STEM Women Hall of Fame Facts: Mary Sherman Morgan

  • Born: November 04, 1921 in North Dakota
  • STEM Legacy: America's first female rocket scientist.
  • Historical context: the Soviet Union's successful launch of Sputnik I and II in 1957 sent the United States into a frenzy to catch up in the Cold War-era "space race," which prompted the government to turn to nearly all-male team of rocket scientists at North American Aviation where Morgan worked.

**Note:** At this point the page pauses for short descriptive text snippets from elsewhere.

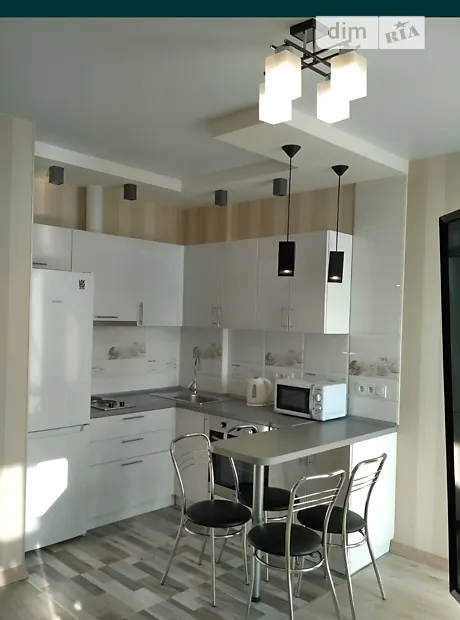 Квартира на вул. Регенераторна, 4 в Києві, ID 252210, фото №1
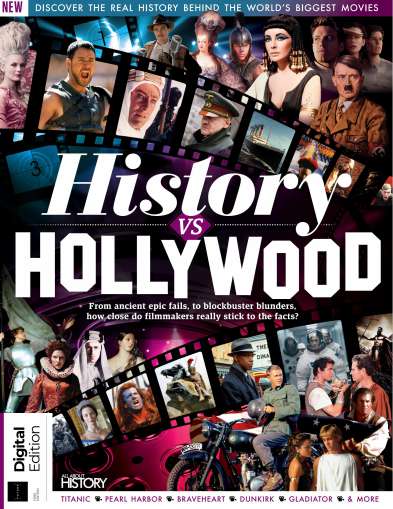 关于历史的一切All About History History vs Hollywood Ed1 2024（PDF版）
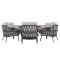 CALPI LOW DINING CHAIR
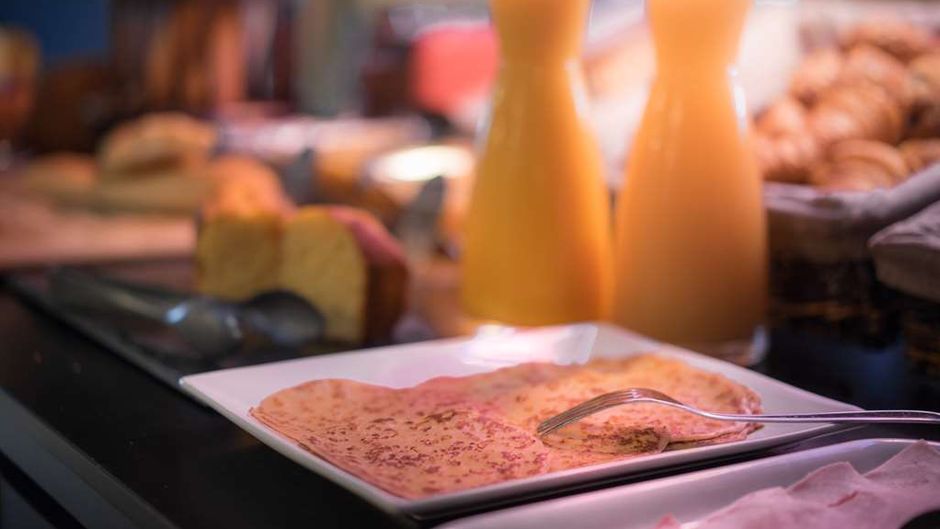 Campanile Hotel Restaurant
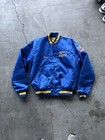 vintage 80s los angeles rams start bomber jacket size men’s L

When America's first female rocket scientist died in 2004, the Los Angeles Times refused to print the obituary her son and future biographer wrote, claiming the details of her life and career couldn't be independently verified. Growing up, George D. Morgan wasn't aware of his mother's significant place in women's STEM history, either, largely because her rocket science work was shrouded in Cold War-era secrecy. For that reason, George did what any good son would do and wrote a play and an entire book about her to ensure that her legacy could be "independently verified" for posterity.

Courtesy: Goodreads

One of the most fascinating details of Mary Sherman Morgan's professional biography is that she never received a college degree because she dropped out during World War II to take a job at an Ohio munitions factory. After the war ended, she began working at North American Aviation where she was not only a rare aspiring rocket scientist without a college education, but also eventually the only woman among a team of 900 analysts. "She didn't have any education in it and eventually she got to the point that she was so good at it," her son George recounted, "she soon became the very best person when it came to designing and calculating new rocket propellants..."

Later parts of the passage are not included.